=== WHAT YOU SHOULD DO ===
This exercise calls for an exact copy of the listing, with no pictures kept.

=== DATA TO USE ===
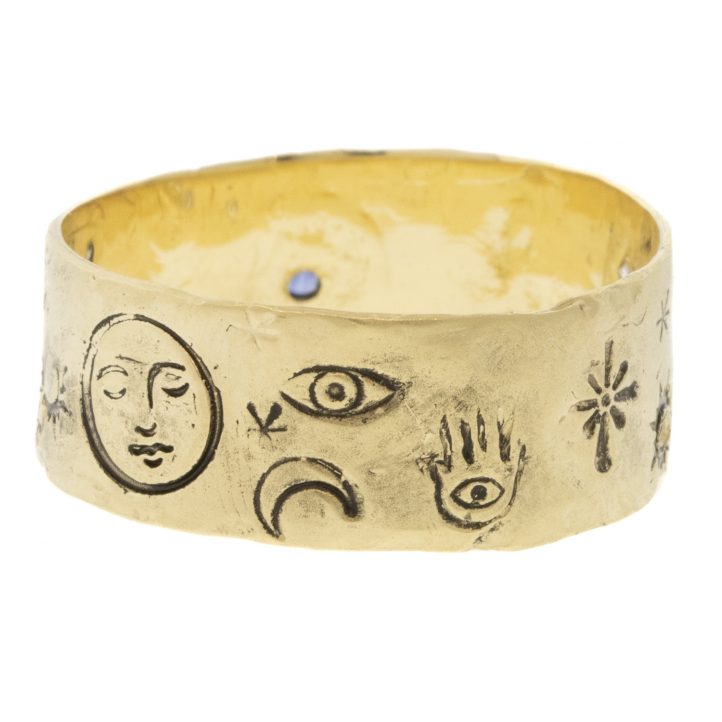 Victoria Cunningham Trunk Show: 14K libra ring, Size 8 1/2, Width 5/16"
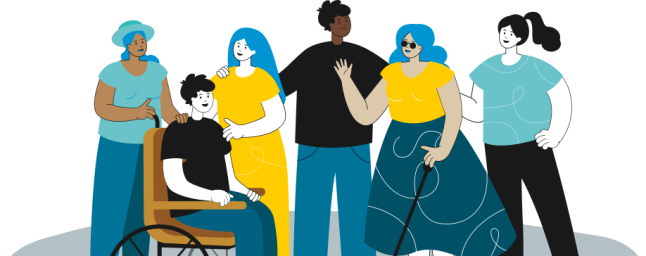 six personnages souriants representant la difference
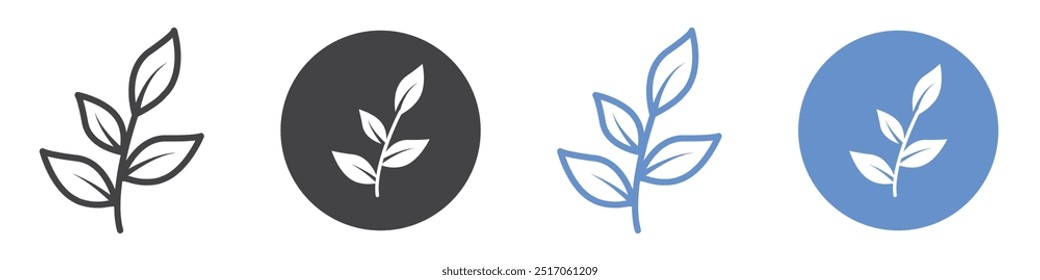 Leaf icon flat line symbol set.
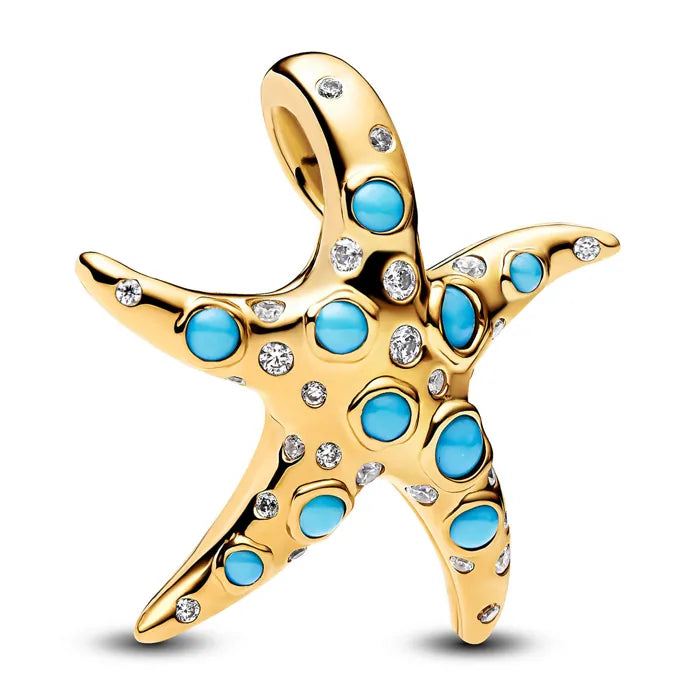 Sparkling Blue Starfish Dangle Charm - Gold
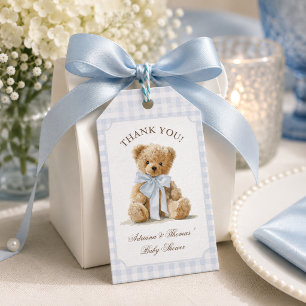 Danke für die Bären Blau Gingham Jungen Babyparty Geschenkanhänger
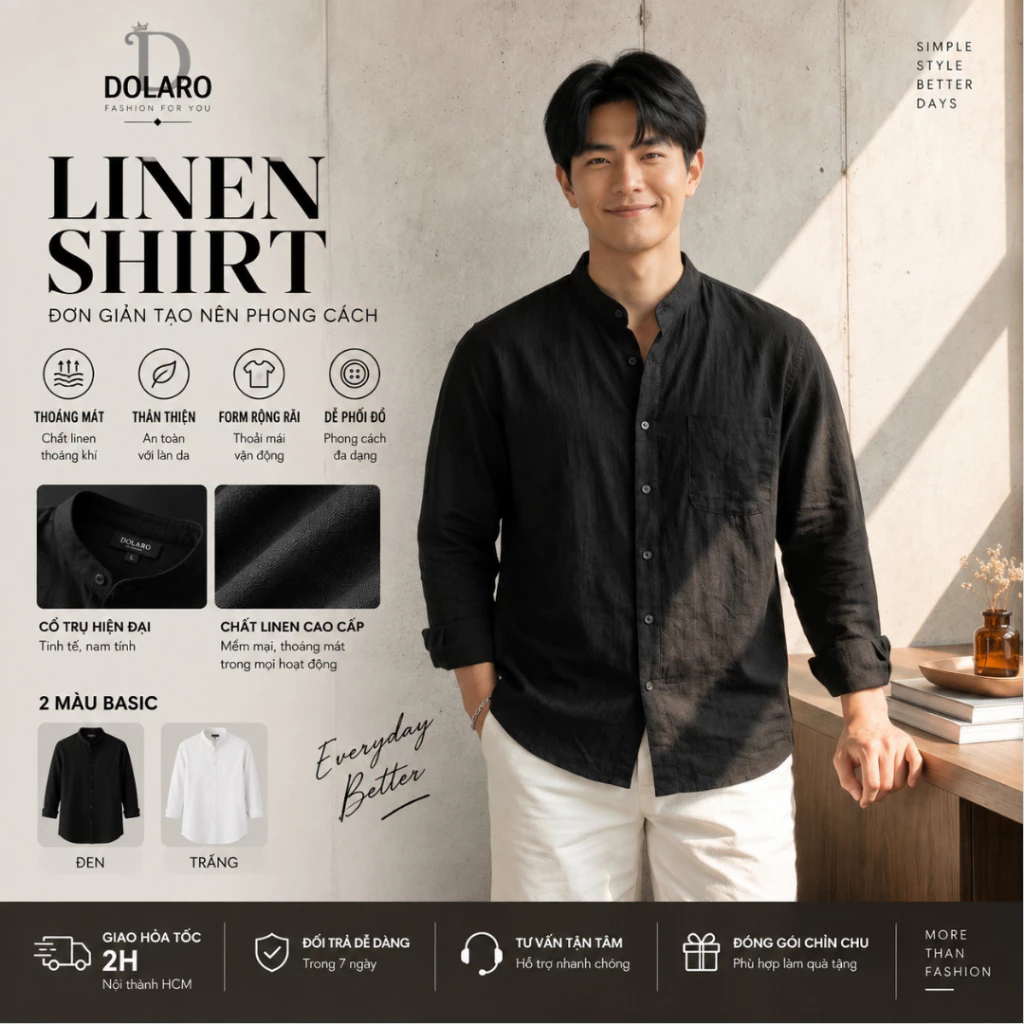 Áo sơ mi tay dài cổ trụ DOLARO chất linen cao cấp đủ màu trắng, xanh đen từ 40-98kg phù hợp cho mang đi học đi làm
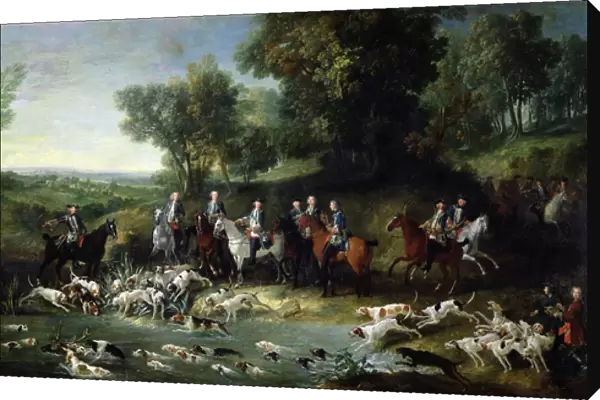 Louis XV (1710-1774) Stag Hunting in the Forest at Saint-Germain, 1730 (oil on canvas)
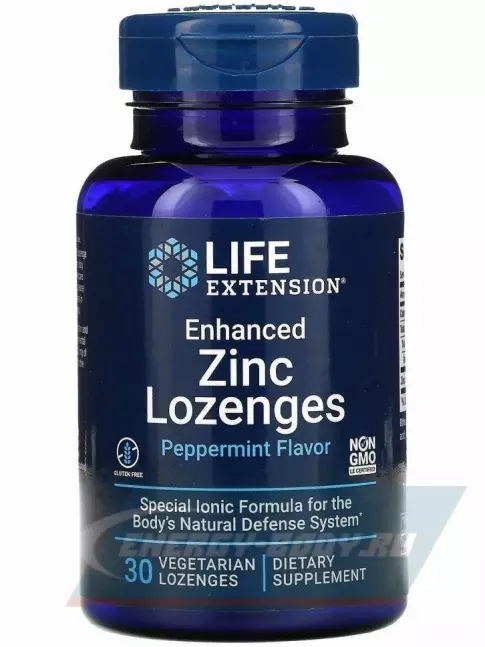  Life Extension Enhanced Zinc Lozenges 30 вегетарианских леденцов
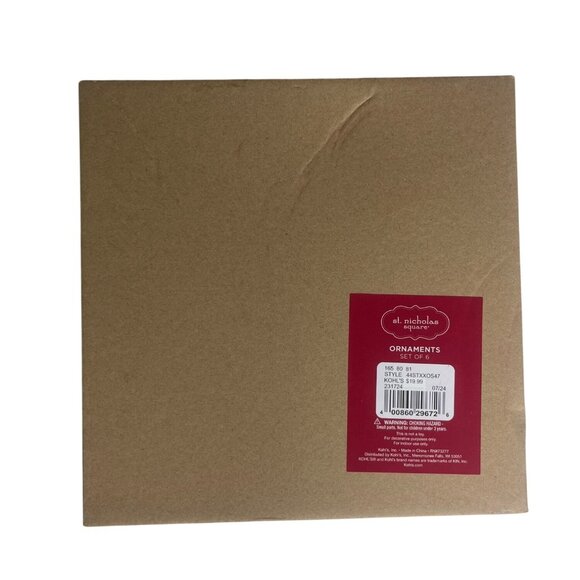 St. Nicholas Square Velvet Christmas Ornaments Set Of 6 New - Picture 2 of 5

=== WRITTEN RESPONSE ===
 Victoria Cunningham Trunk Show: 14K libra ring, Size 8 1/2, Width 5/16"
 six personnages souriants representant la difference
 Leaf icon flat line symbol set.
 Sparkling Blue Starfish Dangle Charm - Gold
 Danke für die Bären Blau Gingham Jungen Babyparty Geschenkanhänger
 Áo sơ mi tay dài cổ trụ DOLARO chất linen cao cấp đủ màu trắng, xanh đen từ 40-98kg phù hợp cho mang đi học đi làm
 Louis XV (1710-1774) Stag Hunting in the Forest at Saint-Germain, 1730 (oil on canvas)
  Life Extension Enhanced Zinc Lozenges 30 вегетарианских леденцов
 St. Nicholas Square Velvet Christmas Ornaments Set Of 6 New - Picture 2 of 5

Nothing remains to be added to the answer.